In an agrarian setting cows actually give more than they take.
However, when one tries to produce milk for commercial purposes and requires expensive farming equipment (tractors, bailers, combines, silos etc.) has to pay outrageous prices for veterinary aid, purchase homogenization and pasteurization equipment, conveyances to transport the milk to urban areas and so on, sustainability becomes a problem. In short, what makes cow protection unsustainable today is urbanization and consumerism.
Remove these two from the picture and you have the formula for a peaceful existence.
A large herd is sustainable in an agrarian community with common pasturing grounds and bordering forests, not otherwise.
I have visited village communities in India which still resemble the ancient Vedic model where every household hosts a few cows and a few cowherd men or women take the collective herd out to pasture daily leaving the calves behind. At the end of each day there is a celebration when the cows return with their stomachs full and many with udders full as well. The only investment is the time it takes for a few people to accompany the cows in their daily wanderings.
The cows are milked; the calves are fed; the milk boiled on a cow dung fire; hot milk is served; the remainder left overnight to become yoghurt; which is later churned to make butter; and the nourishing buttermilk is offered to unexpected guests and whoever else. I have never witnessed a more joyous existence. But the villagers I have examined pay their bills by farming, not selling dairy products.

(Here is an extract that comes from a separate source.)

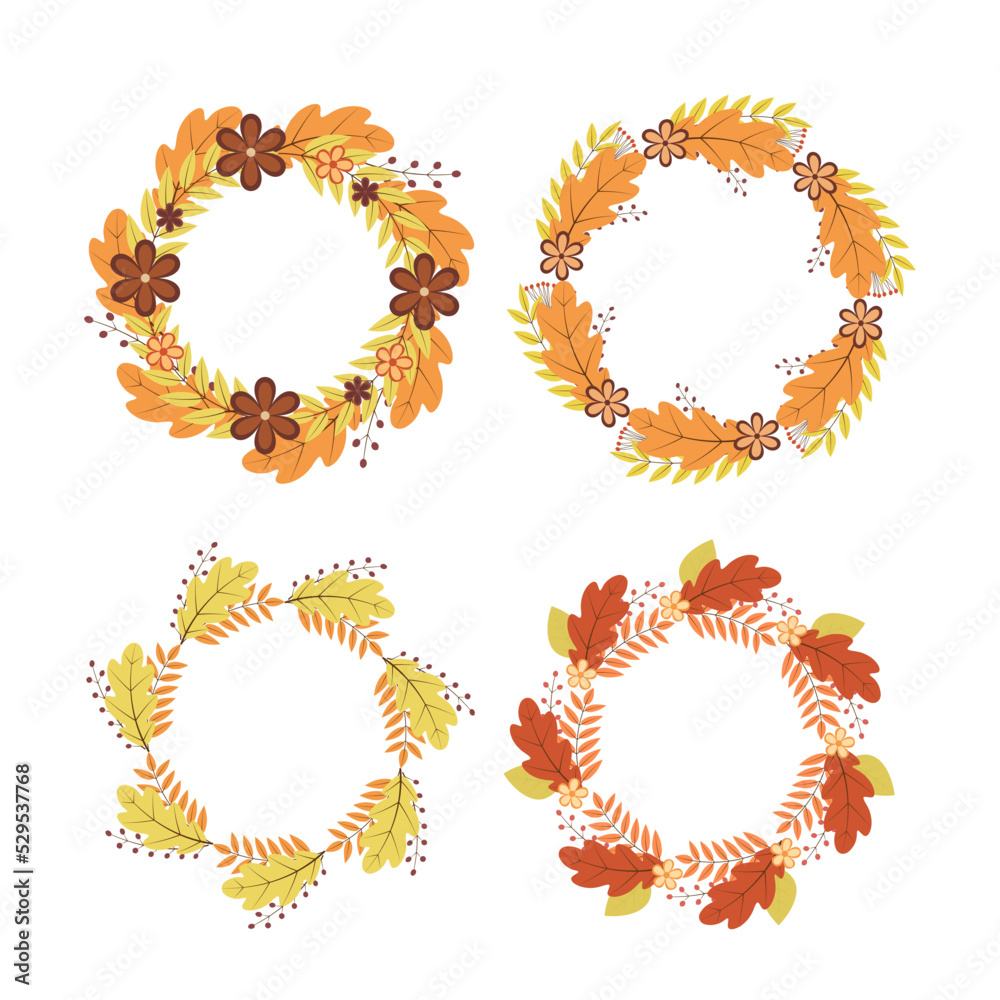 Set of wreaths of colorful autumn leaves and flowers. Fall round frames. Thanksgiving day decorations. Vector elements for your design projects Set of wreaths of colorful autumn leaves and flowers. Fall round frames. Thanksgiving day decorations. Vector elements for your design projects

“Excess males and unproductive females” are terms used by commercial dairy farmers that have nothing to do with cow protection but everything to do with cow exploitation. Urbanization and mechanization have rendered bulls unemployed whereas in the Vedic model the bull calves are valued more than the females as there is always ploughing and draught work to be done.
Since their dung and urine have numerous practical uses in agrarian life, and since Vedantists consider tending cows and pleasing them to be an activity which pleases God, real cow protectors always consider cows and bulls productive even when dry, retired or diseased.
We do not encourage commercial dairy farming or any type of attempt to make living from selling cow products. A profit orientation invariably leads to decisions which sell the cow short.
The term “humane culling” is an oxymoron at best or a euphemism at worst. If you are humane, how can you take the life of a creature who has not agreed to give it up?
Why not call it what it is?- – killing to increase profit. People who coin such terms do so to minimize the guilt resulting from acting against their conscience.
Other examples are “terminating the pregnancy” instead of saying “killing the child in the womb”; or “pacifying the enemy” instead of bombing the hell out of them; and so on. When the sinister want to manipulate others to perform horrible and unbeneficial acts which may disturb their conscience, they employ such devices to facilitate the phenomenon of self-deception.
Creation and employment of such devices indicates malignant narcissism.
In an agrarian society cows have a wonderful effect on the ecology. Their dung is known to be the best fertilizer and their hooves and horns have a nourishing effect on the earth.
You may find Rudolf Steiner’s (the founder of biodynamics) work interesting. A Google search will yield much on his work. Since in the Vedic formula, ahimsa is the first principle, I think a vegan diet is better than one including commercial dairy products obtained by violence. But the best and most wholesome diet is one which includes milk obtained from a loving cow who is treated like one’s own mother.